Commentary

God’s Fondness for Mankind Sparks Holy Week Reflection

By WESLEY SMITH | Apr 17, 2019

One of the best known and best loved verses in all the Scriptures says this about God: He is fond of the human race  –  “God so loved the World” (John 3:16).

The late C.S. Lewis, a British writer and lay theologian, pictured God taking some of His own freedom and slipping it into humankind’s beastly little hearts. That is why, said Lewis, God is so mysterious with humanity. God wants something more than mere obedience. His master plan is to win from them the free, unforced recognition of His love, and free, unforced and glad response to it.

“God so loved the world,” wrote John, “that He gave His only begotten Son.”

Nicolas Berdyaev, who abandoned Marx for Kant and then Kant for Christianity, insisted that neither history nor theology nor the church brought him to the Christian faith, but a simple woman called Mother Maria.

Berdyaev was present when the Nazis sought to destroy the Jews in gas chambers. One distraught mother refused to depart with her baby. When Maria saw that an officer was interested only in getting the correct numbers of people to the gas chambers, without a word she pushed the mother aside and quickly took her place. This deed revealed to Berdyaev, a philosopher, the heart of Christianity.

This is the heart of Christianity.

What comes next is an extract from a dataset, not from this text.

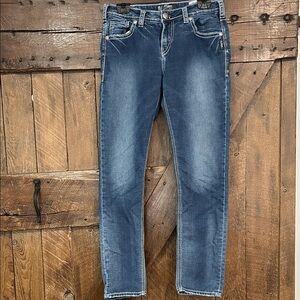 Silver Jeans Women’s Dark Wash Boyfriend Jeans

It is symbolized by the most precious of all symbols: the cross on which Christ died. In sign language used by the deaf, the way to say “Jesus” is to make an imaginary nail print in the hand. In this day of comfort and convenience, folks need to be reminded that at the center of the Christian faith is the symbol of suffering and sacrifice. We have been “bought with a price.”

John Woolman, a Quaker in the Colonial era, walked barefoot from Philadelphia to Baltimore. He walked the distance in his bare feet so that he could know how the slaves who had to make that journey felt. It was the spirit of Christ in him, the spirit of self-sacrifice compelled by love.

We may not understand how the cross saves us or why it was necessary for Christ to pay the awful price for our sins, but we know that the cross of Golgotha represents all the awesome depths of God’s love.

An old violin maker took great pride in the instruments that he fashioned. One night a thief broke into his shop and stole his most prized piece of work. Months later he was passing a pawn shop and recognized that most perfect instrument in the window. He had no way of proving that he had built the violin, for it was stolen before he had a chance to mark it as his own. The old man was forced to go back home and dig into his savings to buy back his beloved instrument.

That is what God was forced to do on Calvary. He created us and then, because of our greed and self-centeredness (our sinfulness), He had to buy us back.

“Love so amazing, so divine, Demands my soul, my life, my all” was so beautifully written by Isaac Watts in his hymn “When I Survey the Wondrous Cross.” There it is. There is the conclusion of the matter: “Love so amazing, so divine, Demands my soul, my life, my all.”

God is fond of the human race. “God so loved the world that he gave His only begotten son, that whoever believes in Him should not perish, but have everlasting life” (John 3:16).

A blessed Holy Week to all.

Wesley Smith of Harvey Cedars is a retired pastor of the American Baptist Church, USA.